*** Opening of Data under study ***

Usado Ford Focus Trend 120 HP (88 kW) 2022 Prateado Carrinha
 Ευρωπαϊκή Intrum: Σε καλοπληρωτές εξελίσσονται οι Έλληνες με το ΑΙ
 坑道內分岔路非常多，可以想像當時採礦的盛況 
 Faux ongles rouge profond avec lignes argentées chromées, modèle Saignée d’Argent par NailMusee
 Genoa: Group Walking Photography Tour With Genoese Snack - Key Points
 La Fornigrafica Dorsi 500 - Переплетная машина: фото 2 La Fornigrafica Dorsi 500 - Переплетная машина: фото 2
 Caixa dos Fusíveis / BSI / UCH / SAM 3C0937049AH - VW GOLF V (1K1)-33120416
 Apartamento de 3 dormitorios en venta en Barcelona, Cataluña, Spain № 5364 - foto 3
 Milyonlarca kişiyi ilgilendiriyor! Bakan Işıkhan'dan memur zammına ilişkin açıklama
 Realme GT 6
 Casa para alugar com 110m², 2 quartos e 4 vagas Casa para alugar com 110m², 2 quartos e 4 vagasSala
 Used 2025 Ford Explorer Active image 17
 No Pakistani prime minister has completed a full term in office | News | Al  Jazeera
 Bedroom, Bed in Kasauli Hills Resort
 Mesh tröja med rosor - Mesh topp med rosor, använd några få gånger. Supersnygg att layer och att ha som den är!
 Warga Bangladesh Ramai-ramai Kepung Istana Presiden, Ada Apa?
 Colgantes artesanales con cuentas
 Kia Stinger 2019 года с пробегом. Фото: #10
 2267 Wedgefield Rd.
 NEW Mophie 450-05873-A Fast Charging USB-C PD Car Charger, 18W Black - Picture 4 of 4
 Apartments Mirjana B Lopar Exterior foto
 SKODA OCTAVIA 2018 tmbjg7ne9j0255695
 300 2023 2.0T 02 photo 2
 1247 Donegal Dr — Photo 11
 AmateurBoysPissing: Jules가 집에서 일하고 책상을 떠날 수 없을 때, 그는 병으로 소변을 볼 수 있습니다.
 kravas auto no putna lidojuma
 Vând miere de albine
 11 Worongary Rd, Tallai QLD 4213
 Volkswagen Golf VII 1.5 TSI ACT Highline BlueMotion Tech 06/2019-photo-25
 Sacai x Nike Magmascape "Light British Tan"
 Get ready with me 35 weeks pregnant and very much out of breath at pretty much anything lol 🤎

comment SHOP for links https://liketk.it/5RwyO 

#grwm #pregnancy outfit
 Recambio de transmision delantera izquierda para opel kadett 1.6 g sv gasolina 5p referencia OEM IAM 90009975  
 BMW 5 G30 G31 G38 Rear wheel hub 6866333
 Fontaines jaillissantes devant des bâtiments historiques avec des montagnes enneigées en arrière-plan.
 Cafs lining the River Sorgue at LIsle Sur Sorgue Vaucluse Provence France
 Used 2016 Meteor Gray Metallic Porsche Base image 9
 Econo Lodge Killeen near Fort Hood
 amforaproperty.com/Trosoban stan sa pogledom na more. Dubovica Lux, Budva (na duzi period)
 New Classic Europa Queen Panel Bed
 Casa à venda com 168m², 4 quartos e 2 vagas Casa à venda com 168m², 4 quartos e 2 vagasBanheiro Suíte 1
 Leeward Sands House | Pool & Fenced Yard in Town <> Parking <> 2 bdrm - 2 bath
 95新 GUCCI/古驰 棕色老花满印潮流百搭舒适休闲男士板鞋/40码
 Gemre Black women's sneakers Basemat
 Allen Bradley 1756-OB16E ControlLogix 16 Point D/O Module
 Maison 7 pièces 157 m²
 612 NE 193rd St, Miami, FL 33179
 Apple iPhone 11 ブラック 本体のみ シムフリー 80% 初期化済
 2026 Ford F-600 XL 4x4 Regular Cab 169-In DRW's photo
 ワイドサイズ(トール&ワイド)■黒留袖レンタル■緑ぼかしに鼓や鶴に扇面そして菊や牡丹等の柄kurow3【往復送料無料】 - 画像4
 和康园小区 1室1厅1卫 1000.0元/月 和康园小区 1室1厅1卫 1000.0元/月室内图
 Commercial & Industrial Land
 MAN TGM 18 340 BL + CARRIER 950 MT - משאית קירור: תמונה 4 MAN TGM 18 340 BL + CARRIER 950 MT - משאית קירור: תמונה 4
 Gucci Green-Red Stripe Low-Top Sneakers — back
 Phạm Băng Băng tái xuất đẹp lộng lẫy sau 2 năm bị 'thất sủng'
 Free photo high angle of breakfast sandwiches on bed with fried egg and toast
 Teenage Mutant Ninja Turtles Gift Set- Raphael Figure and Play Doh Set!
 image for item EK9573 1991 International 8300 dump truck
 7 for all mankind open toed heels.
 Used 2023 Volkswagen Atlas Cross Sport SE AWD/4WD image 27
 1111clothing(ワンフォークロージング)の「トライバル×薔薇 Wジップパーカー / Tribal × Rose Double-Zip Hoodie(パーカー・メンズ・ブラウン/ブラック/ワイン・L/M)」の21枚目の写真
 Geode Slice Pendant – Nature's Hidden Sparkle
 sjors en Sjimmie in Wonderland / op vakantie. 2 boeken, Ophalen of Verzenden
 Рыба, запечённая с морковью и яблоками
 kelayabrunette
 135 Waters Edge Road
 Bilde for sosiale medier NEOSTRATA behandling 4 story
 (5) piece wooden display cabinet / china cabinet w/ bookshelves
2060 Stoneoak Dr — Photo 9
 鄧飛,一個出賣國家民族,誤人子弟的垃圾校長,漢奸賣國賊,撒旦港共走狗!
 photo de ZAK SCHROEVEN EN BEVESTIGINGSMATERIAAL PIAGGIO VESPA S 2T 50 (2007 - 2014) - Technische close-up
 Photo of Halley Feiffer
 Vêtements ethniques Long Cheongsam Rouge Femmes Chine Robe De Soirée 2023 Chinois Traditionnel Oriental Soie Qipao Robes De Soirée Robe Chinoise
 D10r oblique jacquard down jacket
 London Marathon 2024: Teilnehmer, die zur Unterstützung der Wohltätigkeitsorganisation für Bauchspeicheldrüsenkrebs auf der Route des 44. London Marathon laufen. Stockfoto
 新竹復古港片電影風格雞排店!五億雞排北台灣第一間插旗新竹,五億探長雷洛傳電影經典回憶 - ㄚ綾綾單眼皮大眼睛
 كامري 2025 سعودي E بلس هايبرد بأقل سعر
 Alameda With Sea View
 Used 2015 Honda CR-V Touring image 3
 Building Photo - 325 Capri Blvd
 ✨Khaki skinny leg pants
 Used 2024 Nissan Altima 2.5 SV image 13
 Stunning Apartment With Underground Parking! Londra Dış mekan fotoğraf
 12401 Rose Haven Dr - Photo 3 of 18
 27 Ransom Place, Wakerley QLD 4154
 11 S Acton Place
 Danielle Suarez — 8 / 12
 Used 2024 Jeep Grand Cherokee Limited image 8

*** Close of Data under study ***

*Aim of the exercise*: Please write out the material word for word from its first line through the line holding "11 Worongary Rd, Tallai QLD 4213", including both, and no line past it.

*Answer area*:
Usado Ford Focus Trend 120 HP (88 kW) 2022 Prateado Carrinha
 Ευρωπαϊκή Intrum: Σε καλοπληρωτές εξελίσσονται οι Έλληνες με το ΑΙ
 坑道內分岔路非常多，可以想像當時採礦的盛況 
 Faux ongles rouge profond avec lignes argentées chromées, modèle Saignée d’Argent par NailMusee
 Genoa: Group Walking Photography Tour With Genoese Snack - Key Points
 La Fornigrafica Dorsi 500 - Переплетная машина: фото 2 La Fornigrafica Dorsi 500 - Переплетная машина: фото 2
 Caixa dos Fusíveis / BSI / UCH / SAM 3C0937049AH - VW GOLF V (1K1)-33120416
 Apartamento de 3 dormitorios en venta en Barcelona, Cataluña, Spain № 5364 - foto 3
 Milyonlarca kişiyi ilgilendiriyor! Bakan Işıkhan'dan memur zammına ilişkin açıklama
 Realme GT 6
 Casa para alugar com 110m², 2 quartos e 4 vagas Casa para alugar com 110m², 2 quartos e 4 vagasSala
 Used 2025 Ford Explorer Active image 17
 No Pakistani prime minister has completed a full term in office | News | Al  Jazeera
 Bedroom, Bed in Kasauli Hills Resort
 Mesh tröja med rosor - Mesh topp med rosor, använd några få gånger. Supersnygg att layer och att ha som den är!
 Warga Bangladesh Ramai-ramai Kepung Istana Presiden, Ada Apa?
 Colgantes artesanales con cuentas
 Kia Stinger 2019 года с пробегом. Фото: #10
 2267 Wedgefield Rd.
 NEW Mophie 450-05873-A Fast Charging USB-C PD Car Charger, 18W Black - Picture 4 of 4
 Apartments Mirjana B Lopar Exterior foto
 SKODA OCTAVIA 2018 tmbjg7ne9j0255695
 300 2023 2.0T 02 photo 2
 1247 Donegal Dr — Photo 11
 AmateurBoysPissing: Jules가 집에서 일하고 책상을 떠날 수 없을 때, 그는 병으로 소변을 볼 수 있습니다.
 kravas auto no putna lidojuma
 Vând miere de albine
 11 Worongary Rd, Tallai QLD 4213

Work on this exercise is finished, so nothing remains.